ChineseHarm-Bench: A Chinese Harmful Content Detection Benchmark
Kangwei Liu, Siyuan Cheng, Bozhong Tian, Xiaozhuan Liang, Yuyang Yin, Meng Han, Ningyu Zhang, Bryan Hooi, Xi Chen, Shumin Deng
2025-06-15
Summary
This paper talks about ChineseHarm-Bench, a new and thorough test for checking how well AI models can find harmful content in Chinese. It includes a special set of real examples of harmful content from Chinese social media, carefully labeled by experts, and covers six important types of harmful material like gambling, abuse, and fraud.
What's the problem?
The problem is that, unlike English, there are not many good datasets or benchmarks for detecting harmful content in Chinese, and harmful content comes in many forms that are hard to catch because of unique language challenges and tricks people use to hide harmful messages.
What's the solution?
The solution was to build ChineseHarm-Bench by collecting real harmful content examples, having experts label them carefully, and creating a knowledge rule base that gives explicit expert rules to help AI models understand and detect harmful content more accurately.
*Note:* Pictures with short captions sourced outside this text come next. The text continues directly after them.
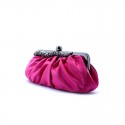 Affordable fuschia vintage clutch bag - Ref SAC263 - 03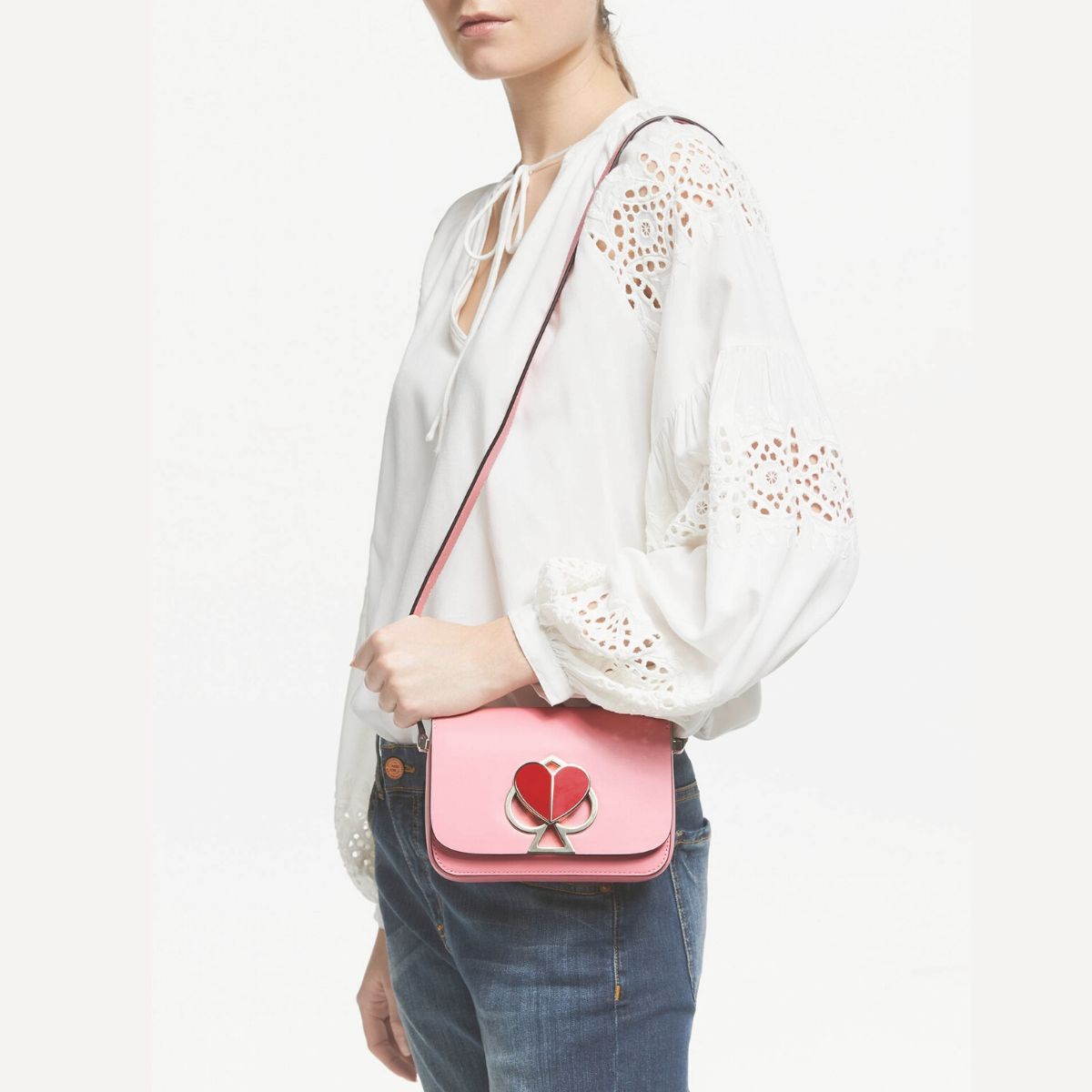 Nicola Twistlock Small Rococo Pink Shoulder Bag - Seven Season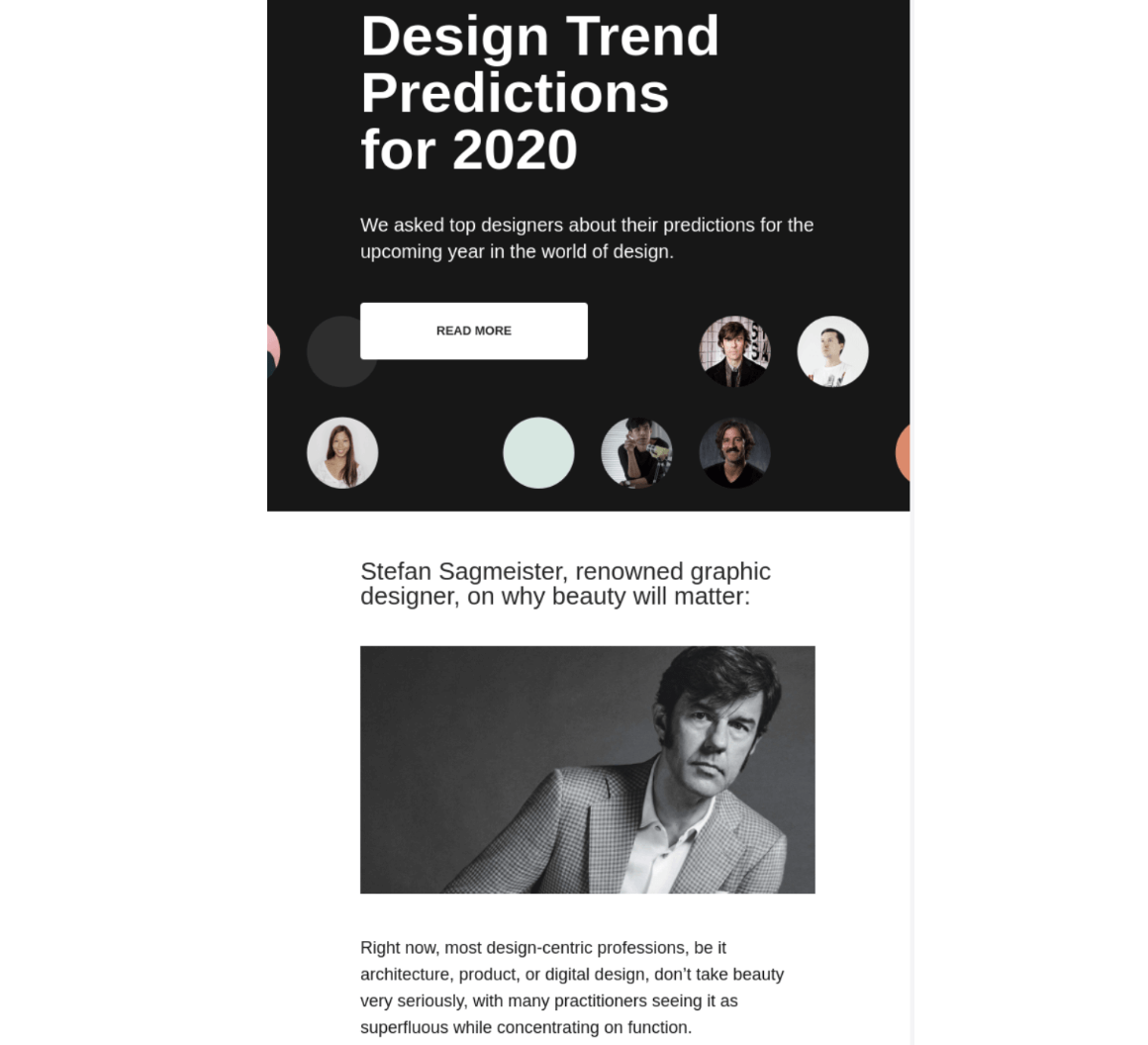 trend predictions newsletter idea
They also made a model that combines these expert rules with AI knowledge to catch harmful content better and faster, even with smaller models.
Why it matters?
This matters because improving how AI detects harmful content in Chinese helps keep online spaces safer and makes content moderation more effective. It supports better technology for monitoring and managing harmful information in Chinese social media, which is essential for protecting users and following laws.
Abstract
A benchmark for Chinese harmful content detection is introduced, along with a knowledge-augmented model that enhances efficiency and accuracy using human-annotated rules and LLMs.